The greatest weakness of this book is the leaps that Fuller takes to reach conclusions that will appear to the reader as speculative, at best. The book has less than 200 pages of text. There are sentences that should be paragraphs and paragraphs that should be chapters and chapters that could easily be books. As a point of comparison, Raymond Brown takes 1500 pages and two volumes to cover the death and burial of Jesus. This does not mean that Fuller is always wrong, just that he often provides insufficient information and discussion for us to form an opinion one way or the other.

One example is Fuller's conclusion that the "third day" reference in 1 Corinthians 15 "is not a chronological datam, but a dogmatic assertion." Why the disciples would have found "on the third day" to be dogmatically necessary is gleaned from much later apocalyptic writings in the Talmud. But not only are these sources much later than the resurrection narratives, they are not discussed or even cited (Fuller provides a secondary reference). Nevertheless, Fuller assumes that these apocalyptic beliefs about the significance of the "third day" must have been powerfully active during the time of Jesus. So powerful that the early Christians had to invent a reference to "on the third day" to meet that expectation. But apparently not powerful enough to have left any contemporary evidence of its existence. This seems unlikely and needs much more evidence than is cited.

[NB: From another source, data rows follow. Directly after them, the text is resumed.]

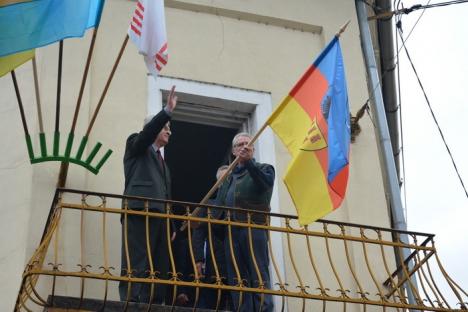 Tokes, înainte să arboreze steagul Ardealului sub ochii Poliţiei Locale: Ne uneşte şi ne reprezintă pe toţi, nu e un gest provocator (FOTO)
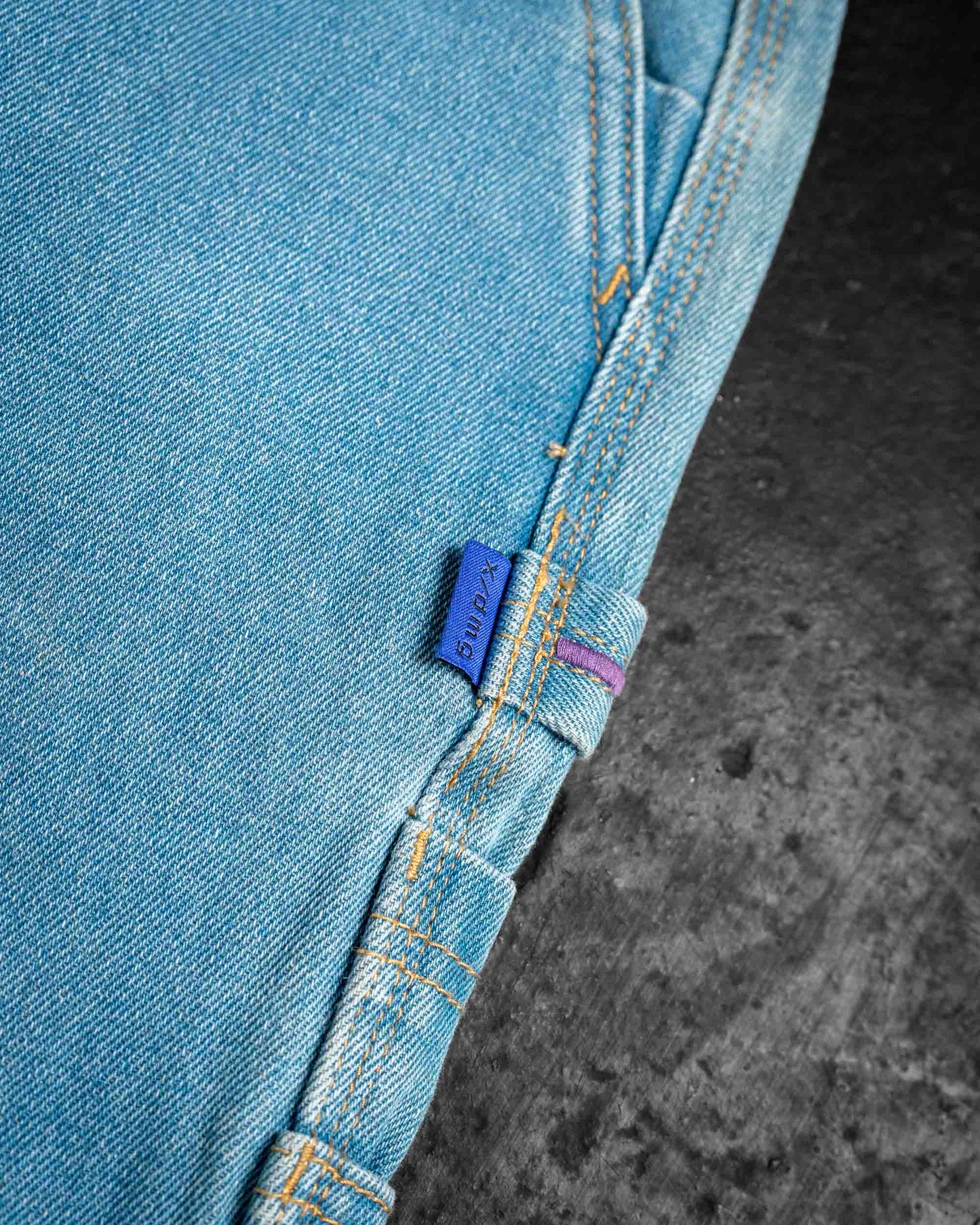 XD02506302_MIDBLUE_11_1765764298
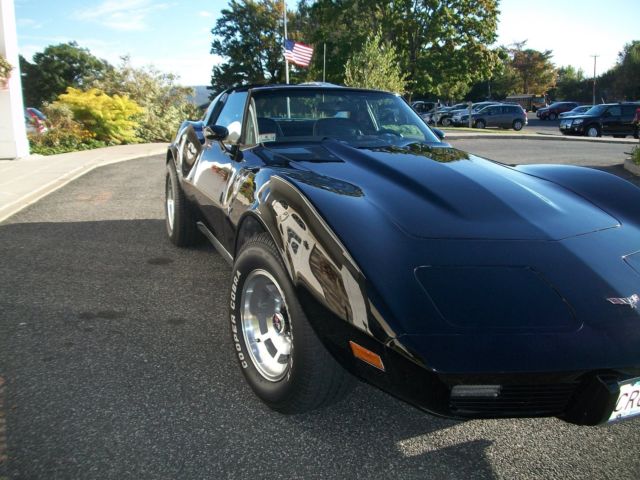 1977 Chevrolet Corvette - photo 2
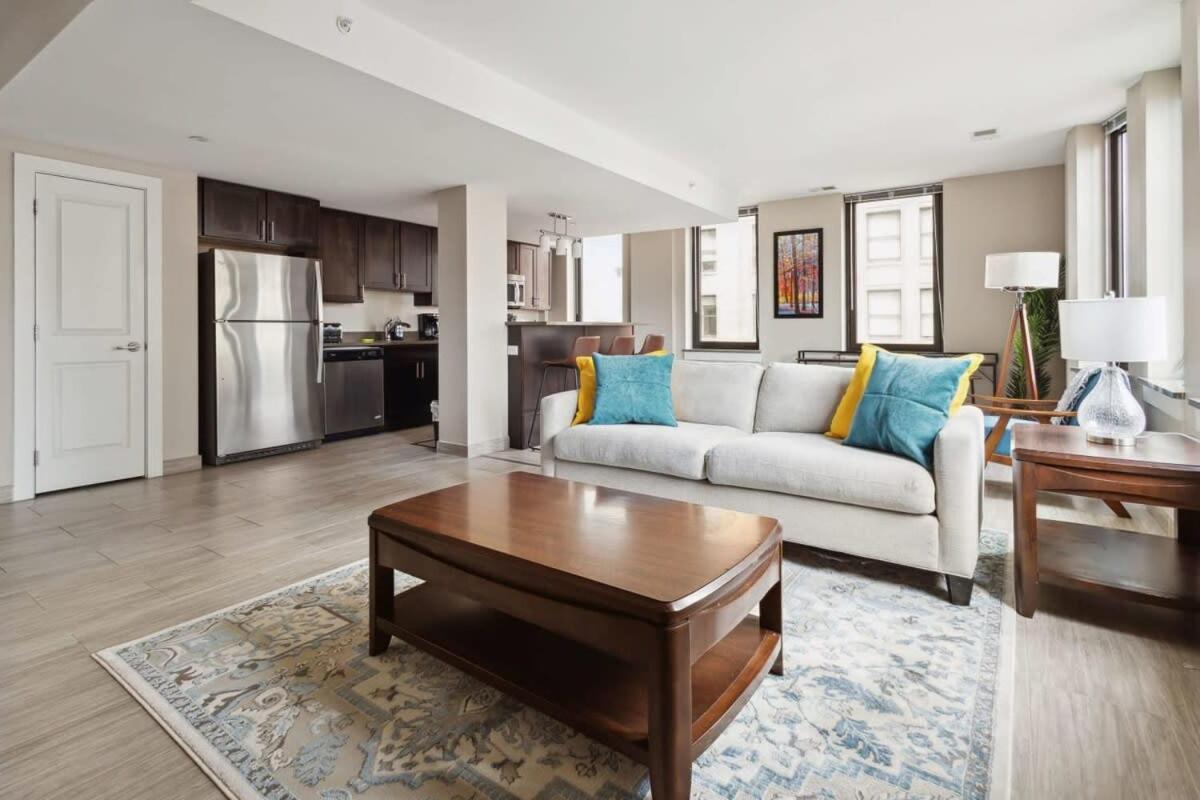 Апартаменты 2Br Downtown Luxury Getaway Детройт Экстерьер фото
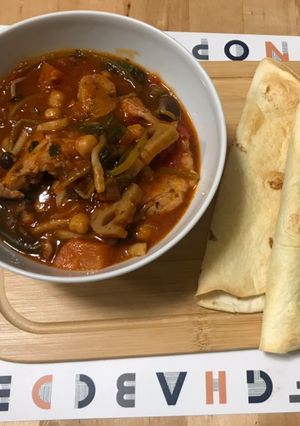 番茄鷹嘴豆燉雞 的食譜成品照片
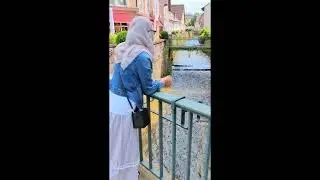 Lazy Walk with Tory Burch at small City #Shorts #shortsvideo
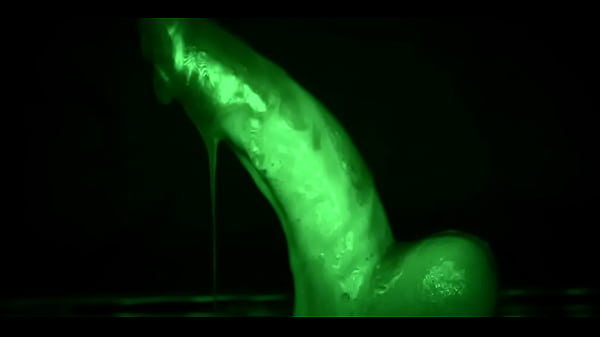 handjob dính nhầy nhụa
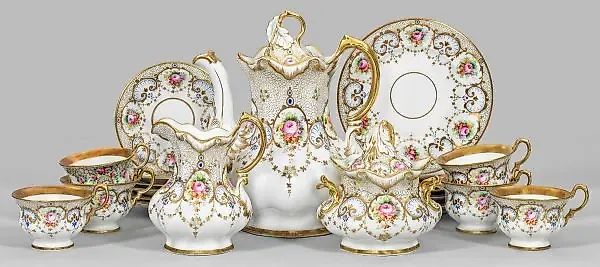 Исторический кофейный сервис с цветочным декором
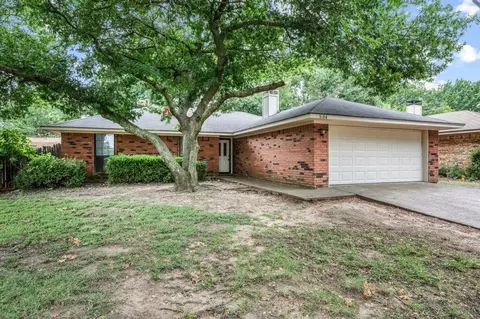504 Warbler Dr, Desoto, TX 75115
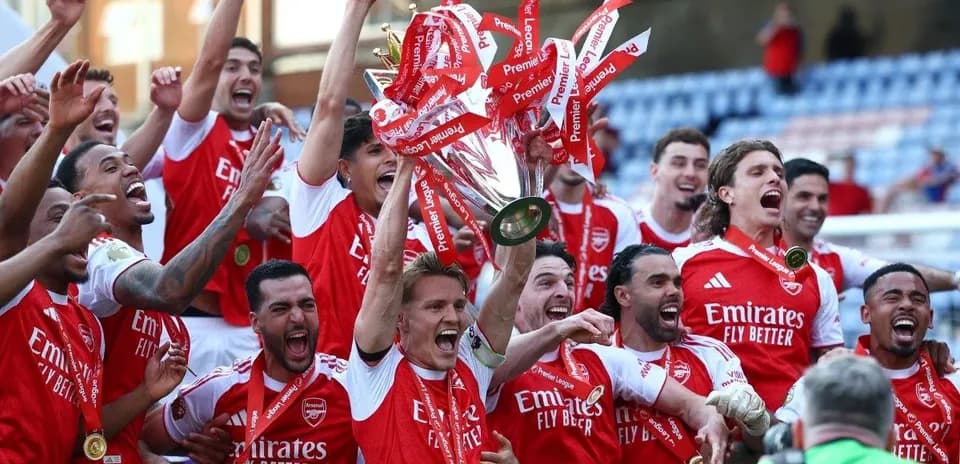 Jugadores de Arsenal celebrando con el trofeo de la Premier League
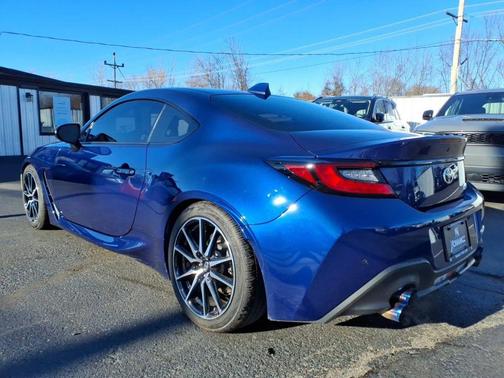 2023 Toyota GR86 Base
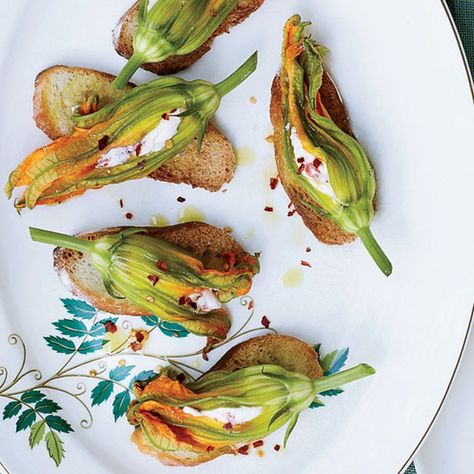 10 Ways to Cook with Squash Blossoms Squash Blossom Recipe, Fried Squash Blossoms, Grilled Squash, Zucchini Flowers, Zucchini Blossoms, Squash Blossoms, Ricotta Recipes, Quick Appetizers, Pimento Cheese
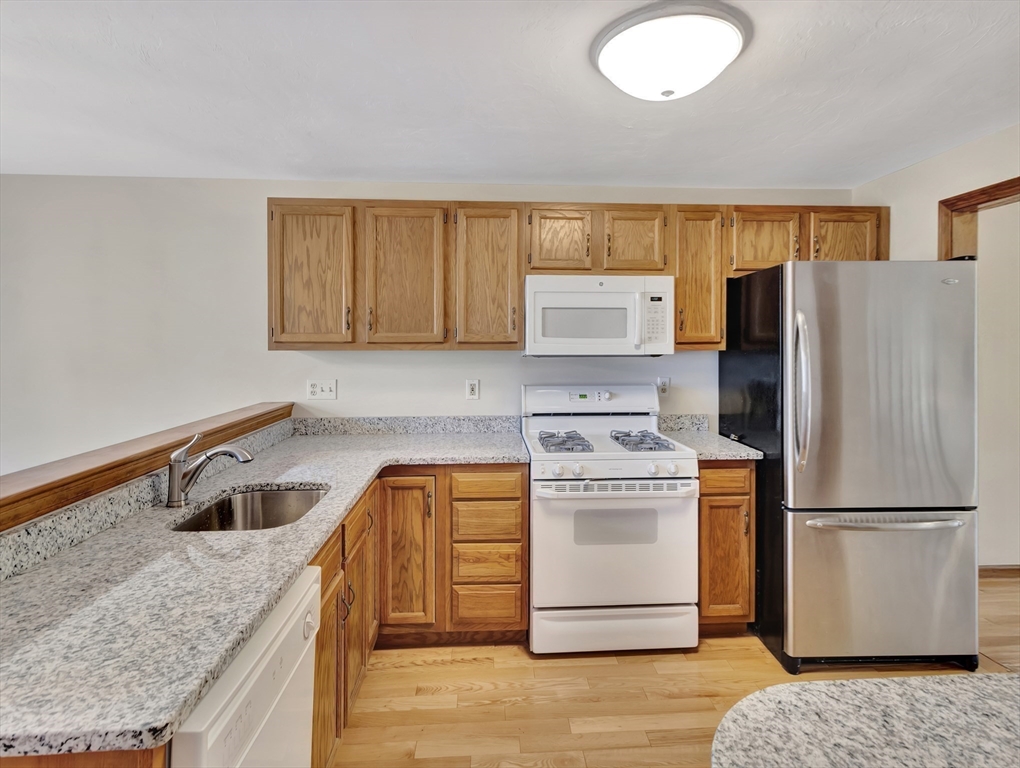 4 Concetta Circle, Unit 4 Mansfield, MA 02048 - Photo 16 of 42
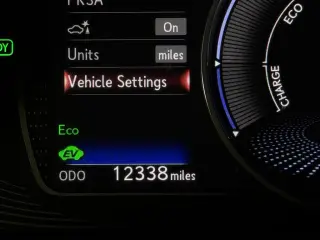 2025 Lexus ES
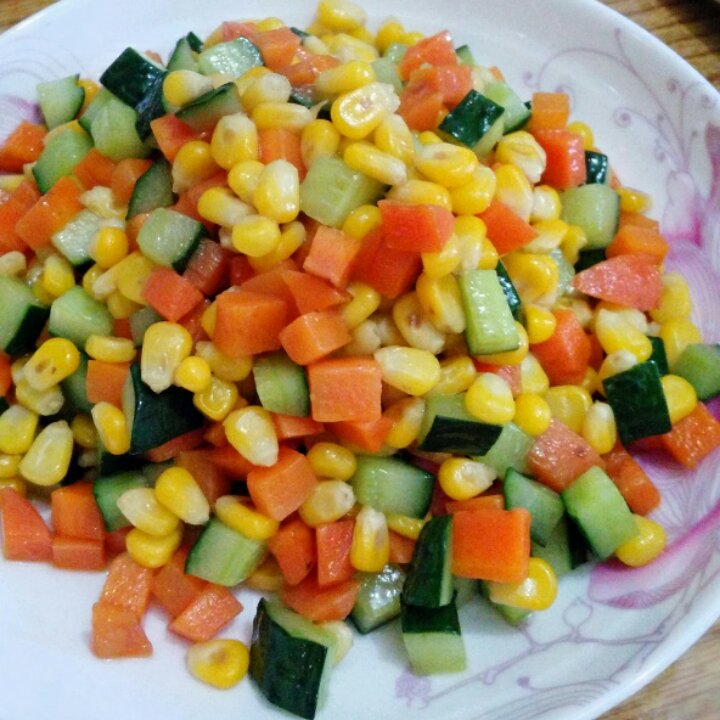 lh123做的胡萝卜玉米炒黄瓜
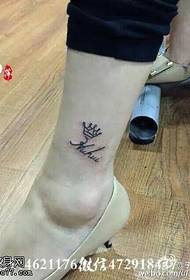 Picculu tatuatu di a corona nantu à l'ankle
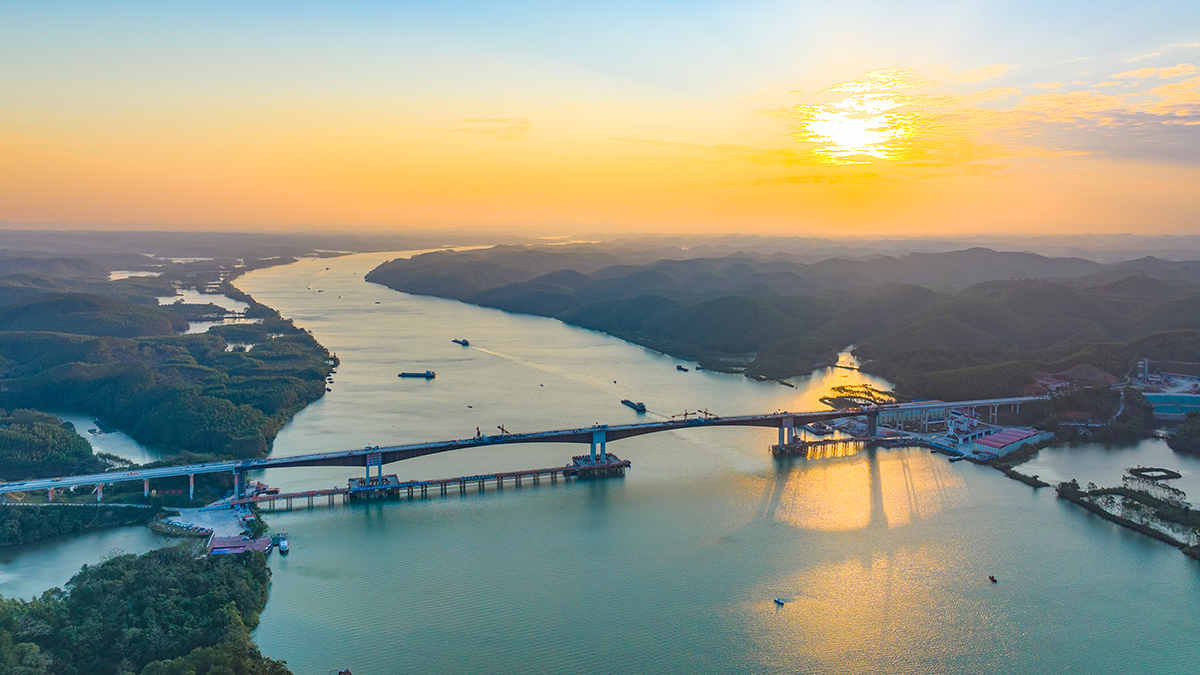 世界最大跨徑1800型波形鋼腹板連續剛構橋——飛龍大橋.jpg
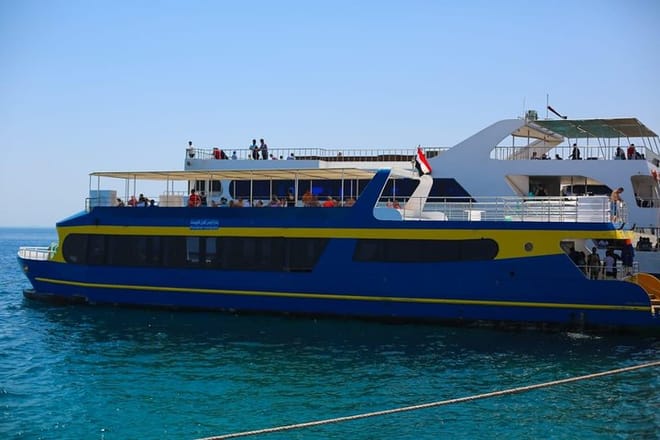 Semi-Submersible Experience from Hurghada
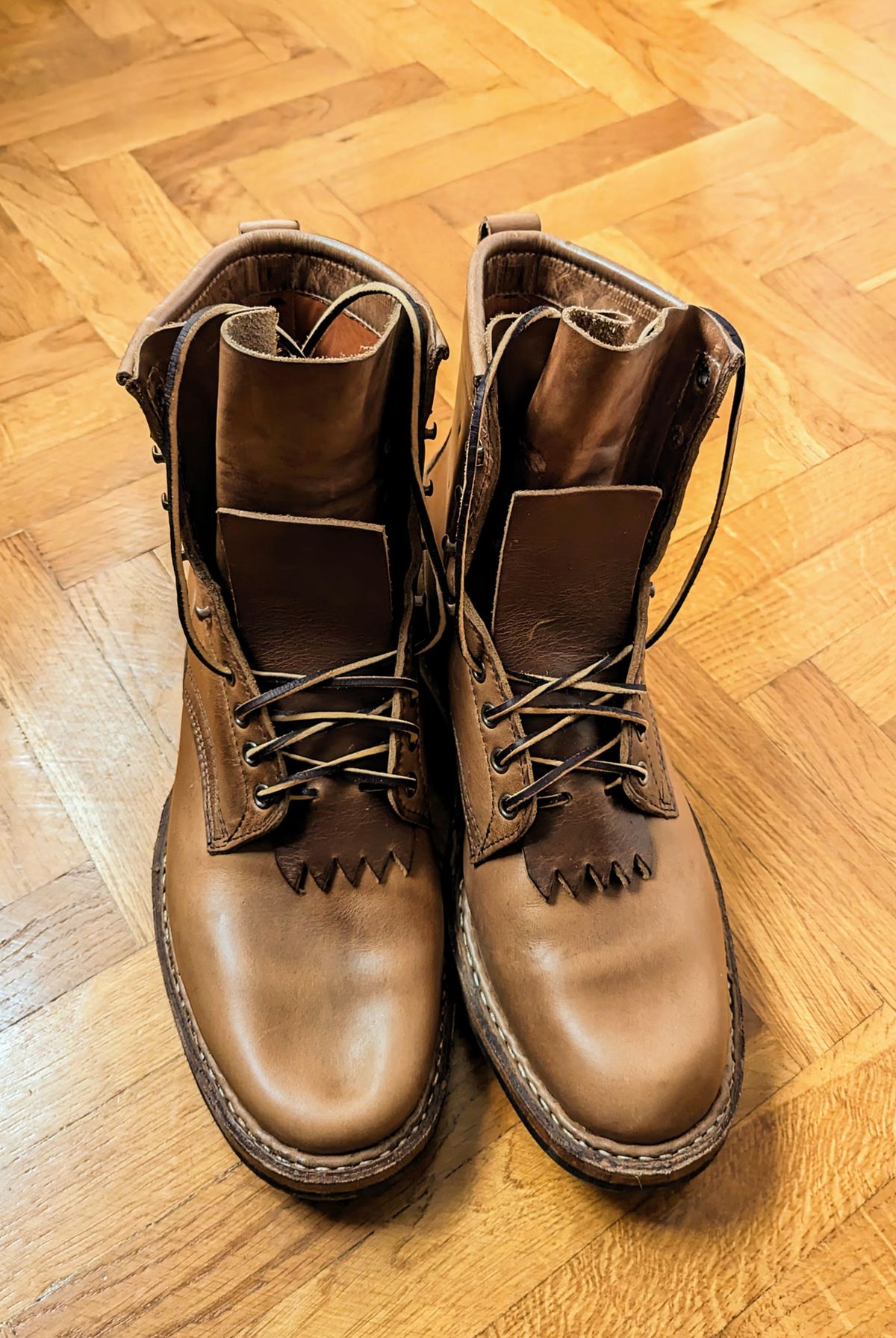 Photo by atmaster on January 6, 2024 of the White's Bounty Hunter in Horween Natural Chromexcel.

I do not mean to impugn Fuller. After sweeping away the possibility that there was a historical event that prompted the tradition, he had little choice but to come up with an alternative--no matter how unsupported. Of course, his discussion of why there could not have been a historical prompting for the tradition rests on his assumption that early Christians would not have seen the discovery of the empty tomb and the beginning of the resurrection appearances as indicating the day Jesus was resurrected. I disagree and think at the very least the point merits much further attention. Certainly it would be reasonable for the apostles to conclude that Jesus' resurrection occurred within the same time frame as the empty tomb being discovered AND the beginning of the resurrection appearances. Fuller also ignores the reports that Jesus referred to the destruction of the temple and its being rebuilt in three days. This tradition is attested by two traditions (Jn. 2:19 and Mark 14:58; 15:29) so it is not so easily dismissed.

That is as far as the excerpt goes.